My question is: What NN architecture would perhaps be narrower/shallower to do deep learning for a simple image classifier (ie: similar dogs vs. cats) than resnet34/50? I am looking to speed up predictions that are done via a CPU.

Background:

I’ve been spending a lot of time working with the PyTorch creator, Soumith, to get on-device inference working on an Android device. It’s been an uphill battle as much of the example code has bit-rot such that most of the online examples do not work anymore.

Fortunately, I’ve got working model export code & C++ code utilizing the Java NDK working as well. I can finally do inference!

The issue right now, however, is that inference takes 3.8s to run on one 256x256 image. I am currently using resnet34 architecture.

My suspicion is that a simpler architecture (while it might lead to lower accuracy) could lead to faster predictions. I am targeting something along the lines of 0.5s per prediction as that would give me 2 fps.

Any ideas?

More context:

Python 3
Using fastai 0.7
resnet34
Currently setting engine on exported .pb to NNPack engine to mobile optimize
Exporting via: PyTorch -> ONNX -> Caffe2
Using 256 x 256 images
Doing CPU-based inference (hard constraint)

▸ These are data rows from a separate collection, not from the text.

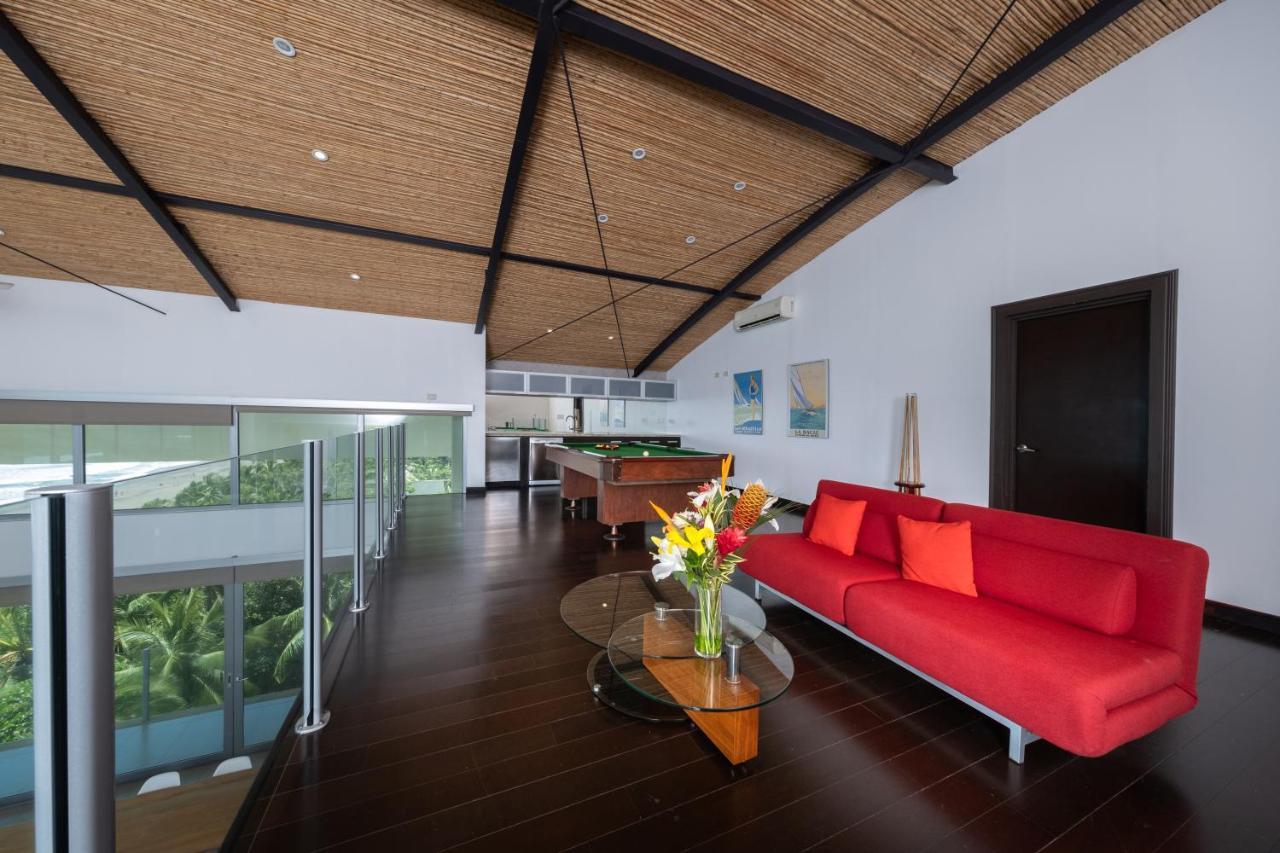 Best In Jaco Condos At Diamante Del Sol Ngoại thất bức ảnh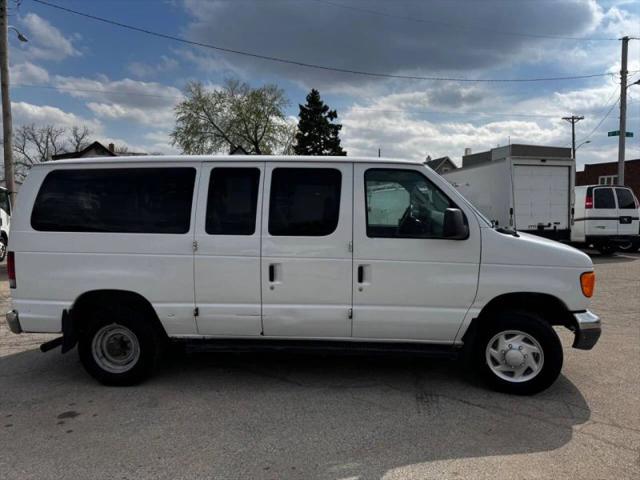 2007 Ford E-350 Super Duty XLT for sale in Omaha, NE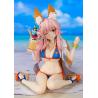 Fate/Grand Order Estatua PVC Lancer Tamamo no mae 16 cm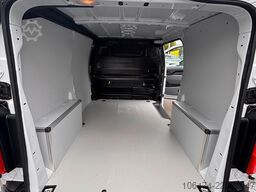 FIAT Scudo L2 SX # Navi # Kamera # MWST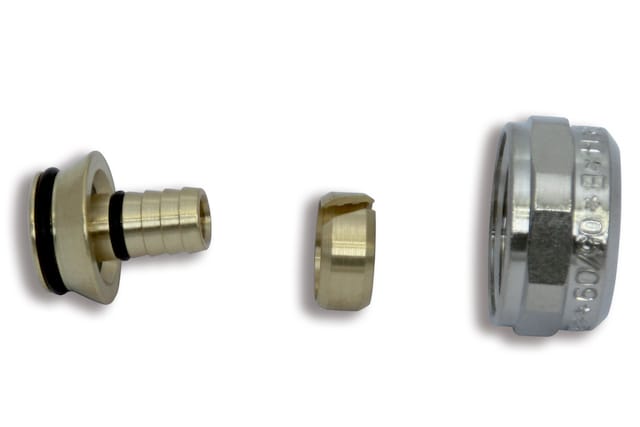 Roth Werke Roth Klemmverschraubung Universal 17mm 1135005190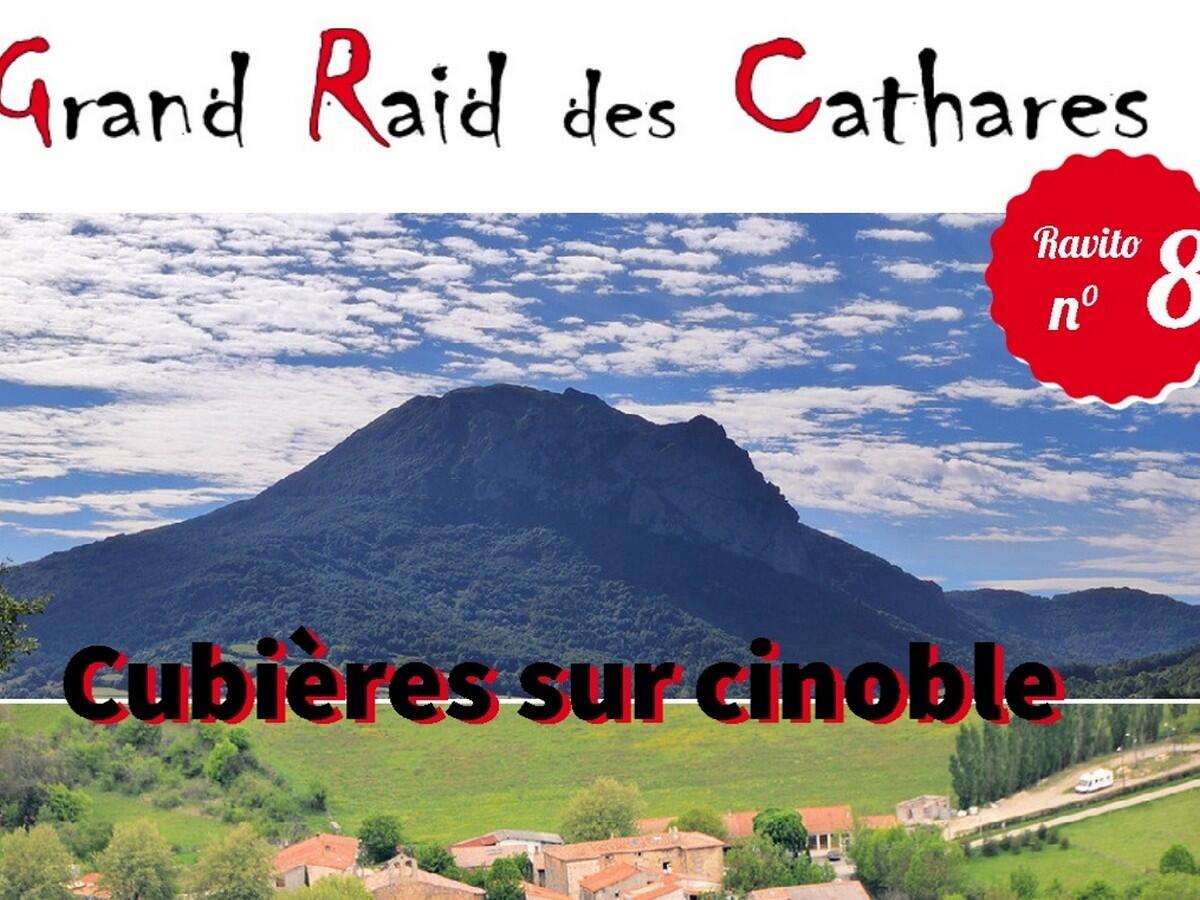 Grand raid Cubières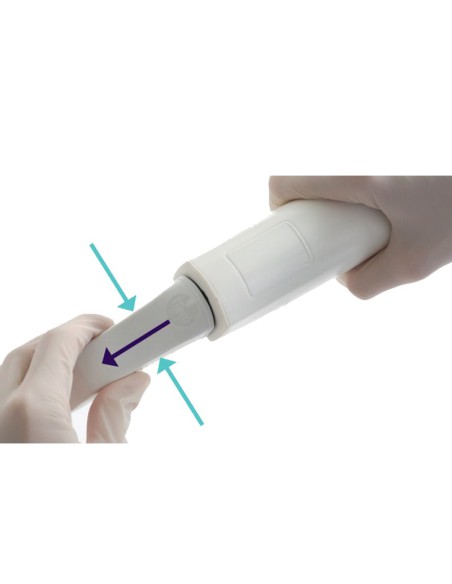 Recambios cabezal desechable iTero Element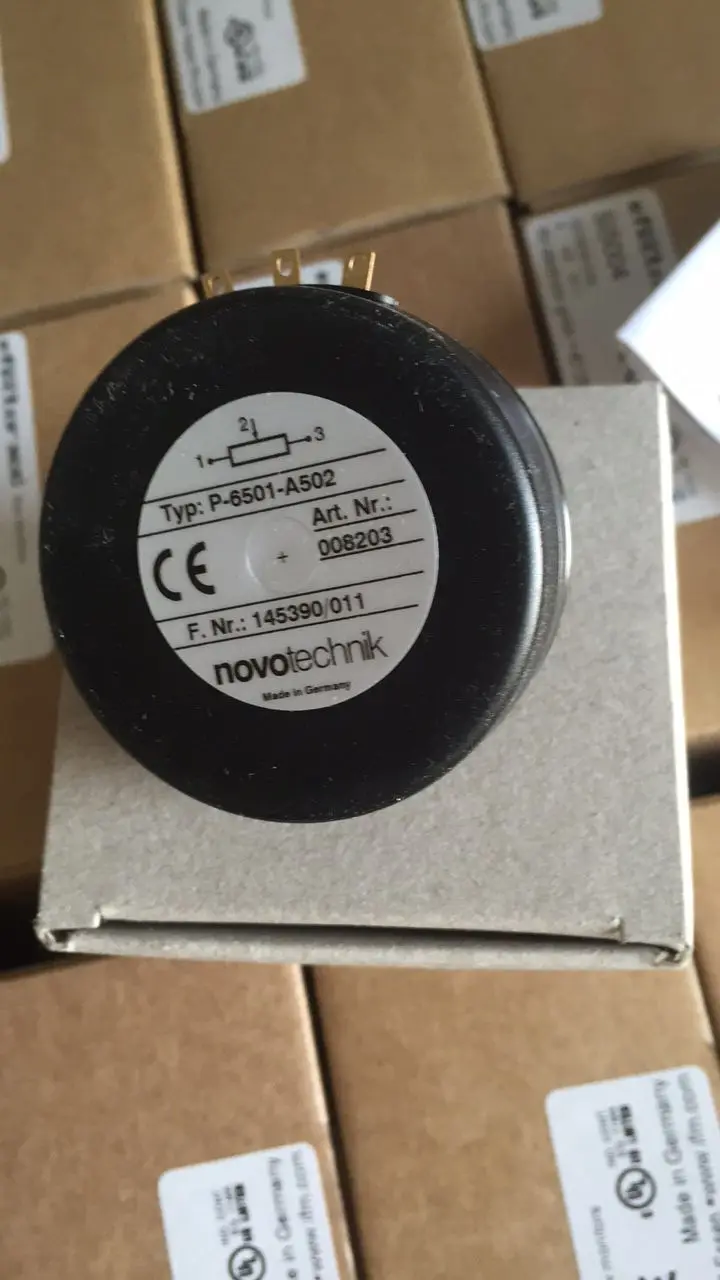

Angle sensor P6501A102 P6501A202 P6501A502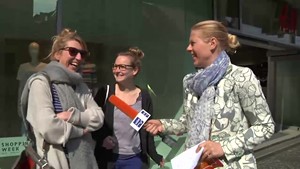 Klimawandel � Es ist 5 nach 12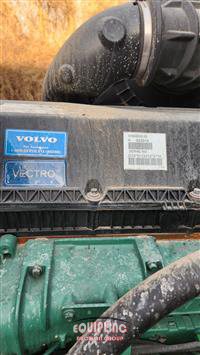 2016 Volvo VNL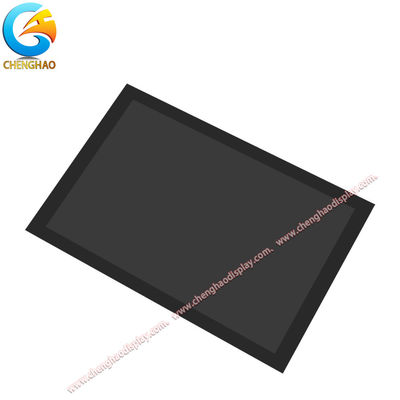 High Resolution Touch Screen 800x1280 Pixels MIPI Interface 16M Color TFT Display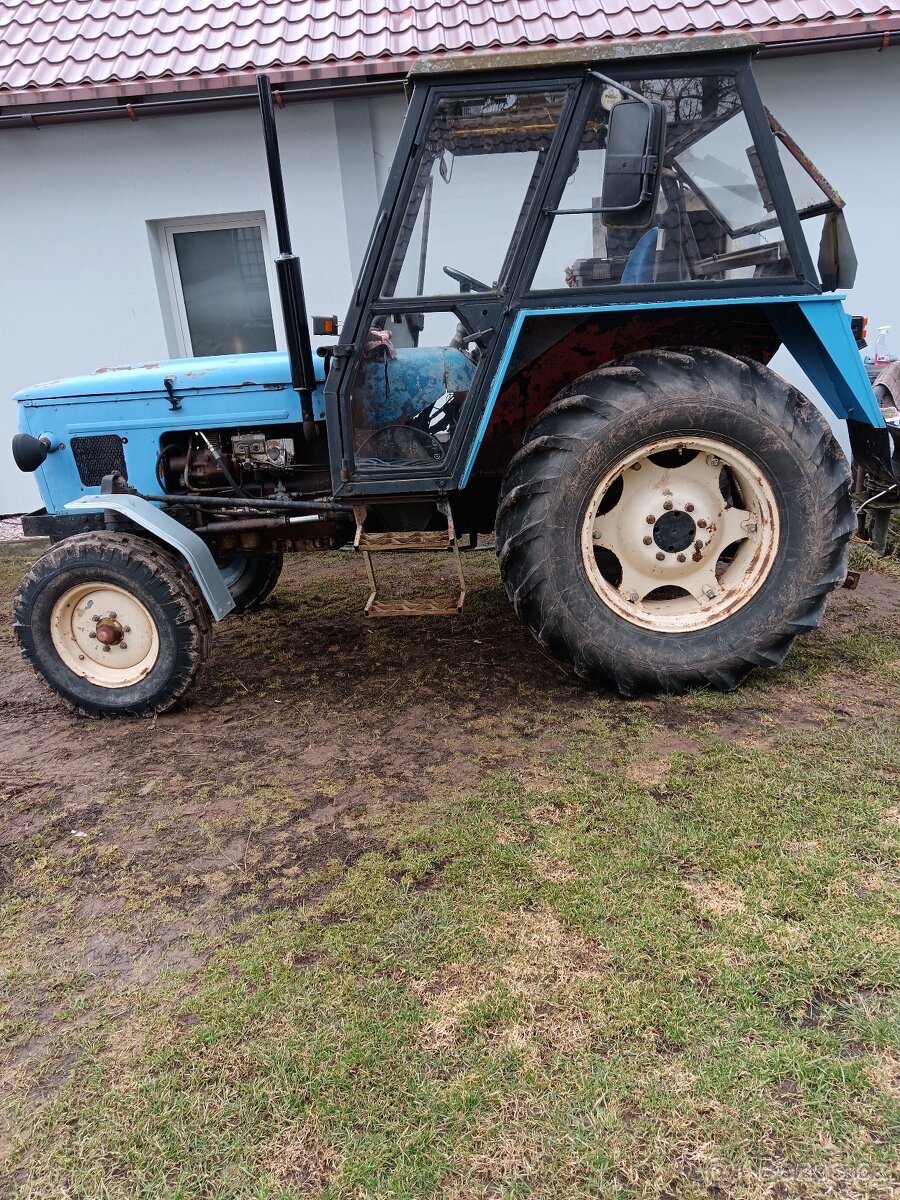 Prodám - 2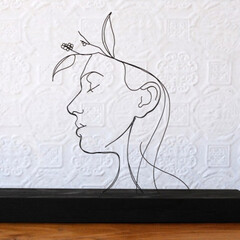 Summertime. Courtesy of Barbara Frigerio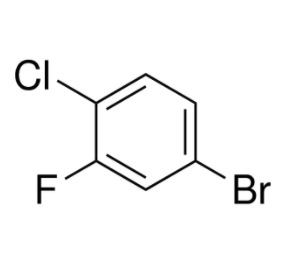 4-溴-1-氯-2-氟苯, 99% Cas号: 60811-18-9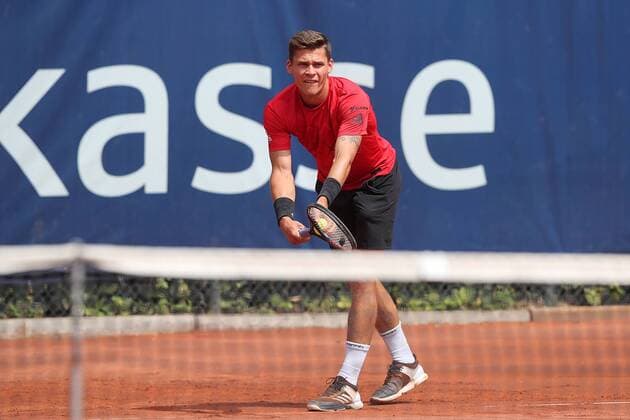 Daniel Masur GER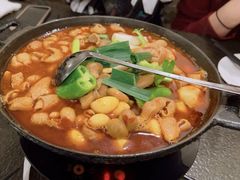 湘味肥肠火锅-湘肠香火锅店(团结湖店)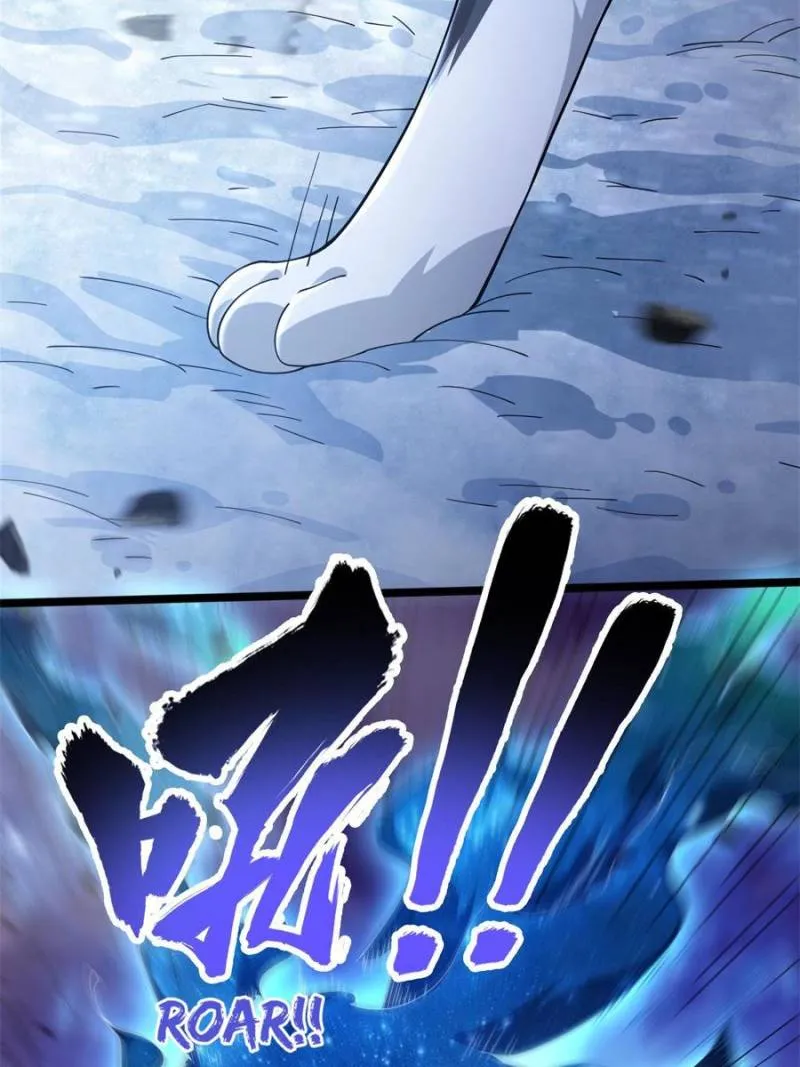 I’m From Alien Space chapter 12 page 49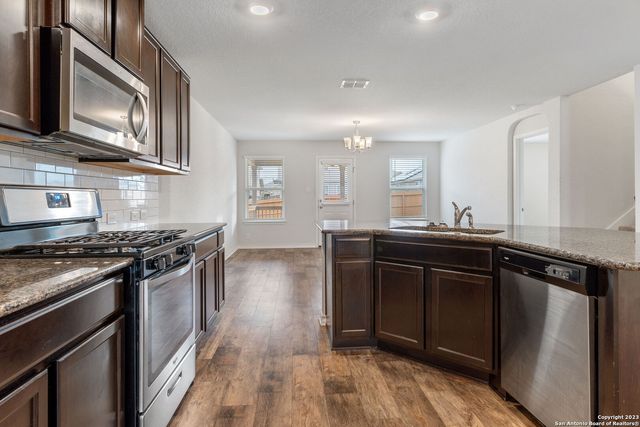13318 Ailey Knoll, San Antonio, TX 78254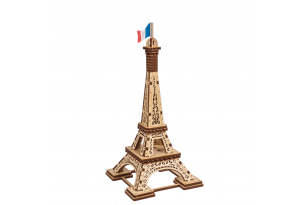 Модель Паризька вежа
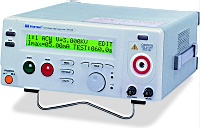 壽光AC/DC耐壓測(cè)試器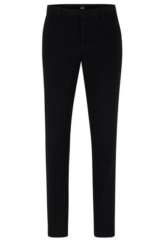 BOSS Stoffhose Kaito (1-tlg)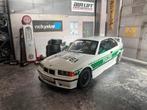 1:18 BMW M3 E36 Polizei - nieuw in doos, Ophalen of Verzenden, Auto, Solido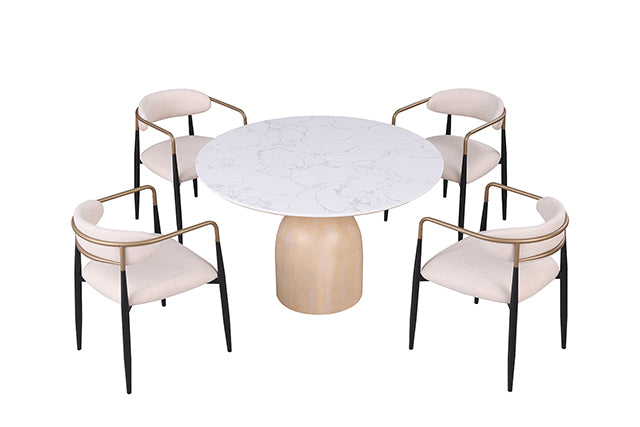 Neasden - Dining Table
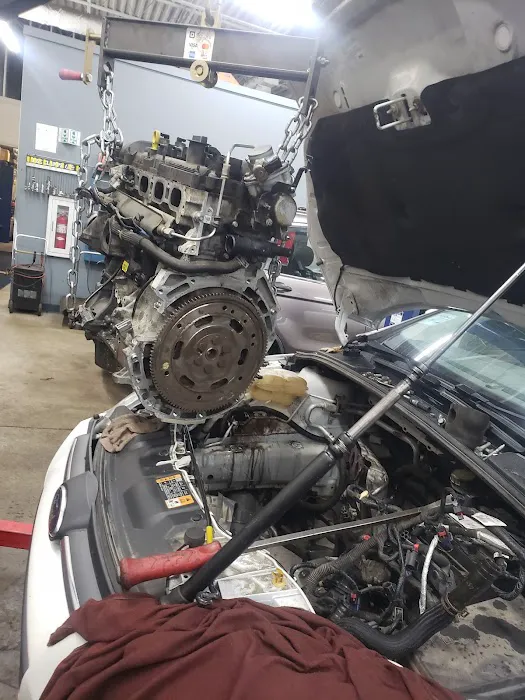Transmission Solutions LLC 8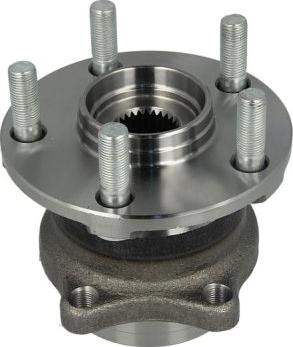 BTA H27015BTA - Lożisko kolesa - opravná sada parts5.com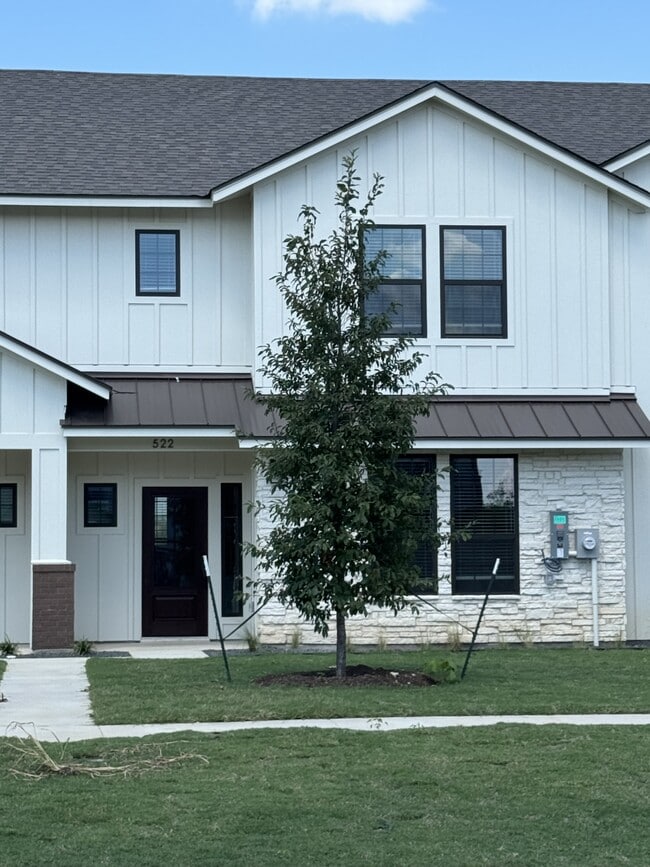 Building Photo - 522 Mercado St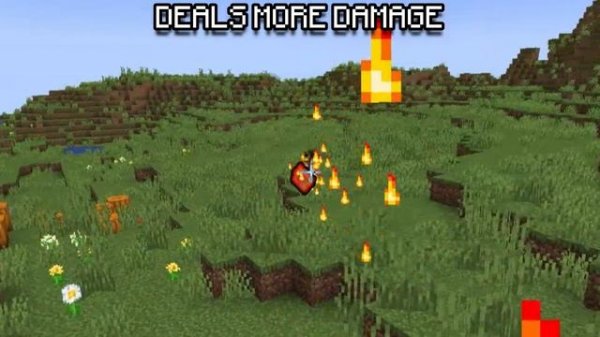 Wizards [Fabric] Mod Showcase - Best Magic Mod?! - Minecraft 1.19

utkb · January 14, 2019, 5:18pm

Would MobileNetV2 work?

suhaild · January 14, 2019, 11:12pm

Is that implemented in fastai 0.7?

utkb · January 15, 2019, 12:07am

Not out-of-the-box, but you can get one of the PyTorch implementations from Github (I can see quite a few), load the initialised PyTorch model and weights in, then cut off the last layer and add a “custom head” that matches the MobileNetV2 penultimate layer with your intended final layer (dependent on number of classes you are predicting). You can then create the learner object as before, from this model and your data.

I think these “cutting” and “custom head” operations were described in the fastai Part 2 course – can’t remember if they were used/introduced in Part 1 or not.

It’ll be interesting to know how resnet34 and MobileNetV2 compare with each other when used in fastai. Please do update us here with your progress (and questions!). Thanks.